Work required: In the data below, locate the line containing "vivo怎么取消开机铃声？vivo手机如何关闭开机声音" and the line containing "DPR Sesalkan Pemotongan...", then retype both and everything between them exactly. Pictures are not part of the copy.

Task data:
----

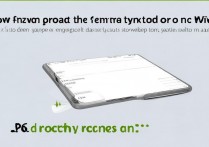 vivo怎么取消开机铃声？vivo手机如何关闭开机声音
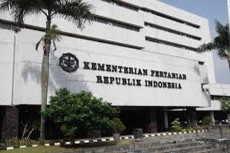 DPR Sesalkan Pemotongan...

----

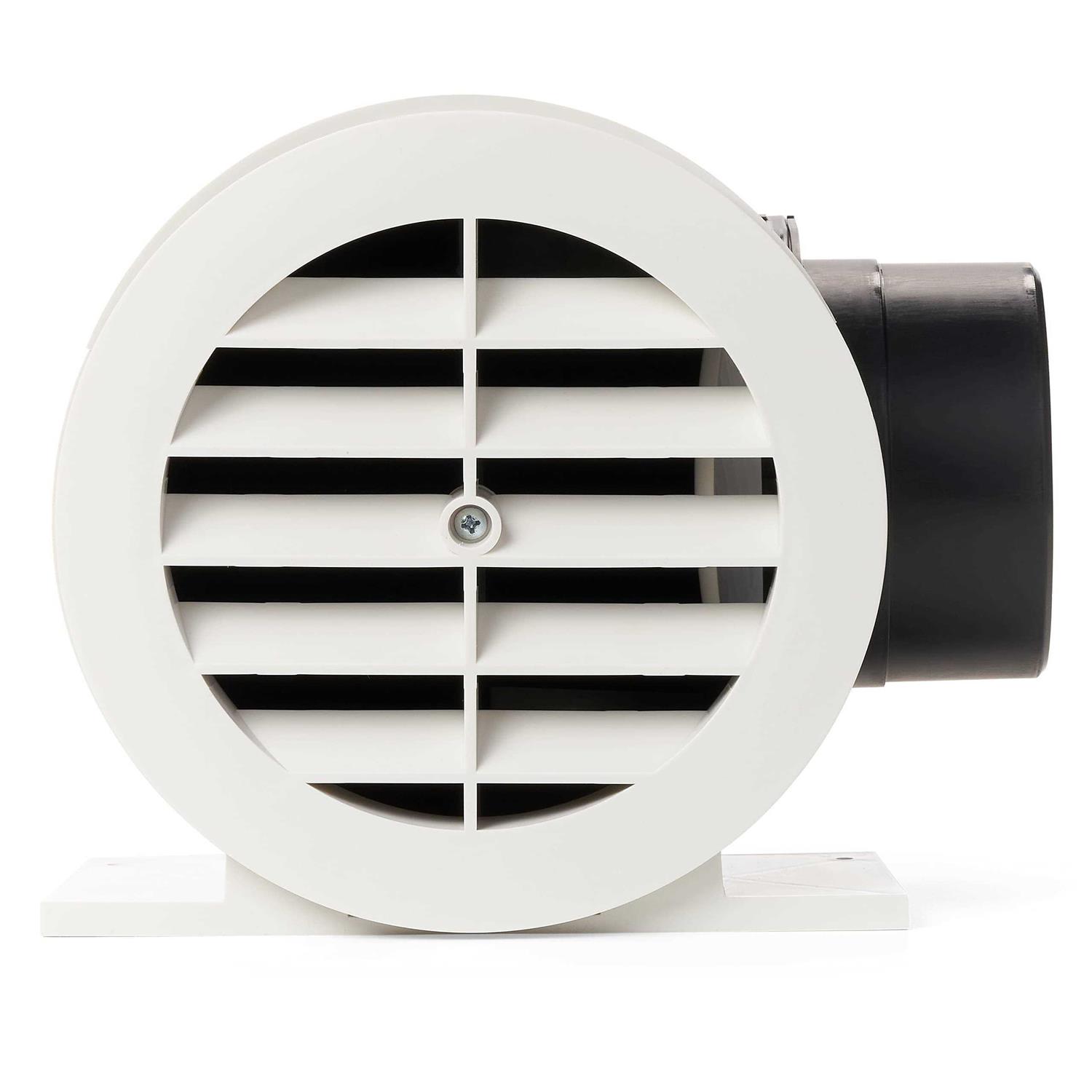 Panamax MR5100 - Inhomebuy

----

Solution for this problem:
 vivo怎么取消开机铃声？vivo手机如何关闭开机声音
 DPR Sesalkan Pemotongan...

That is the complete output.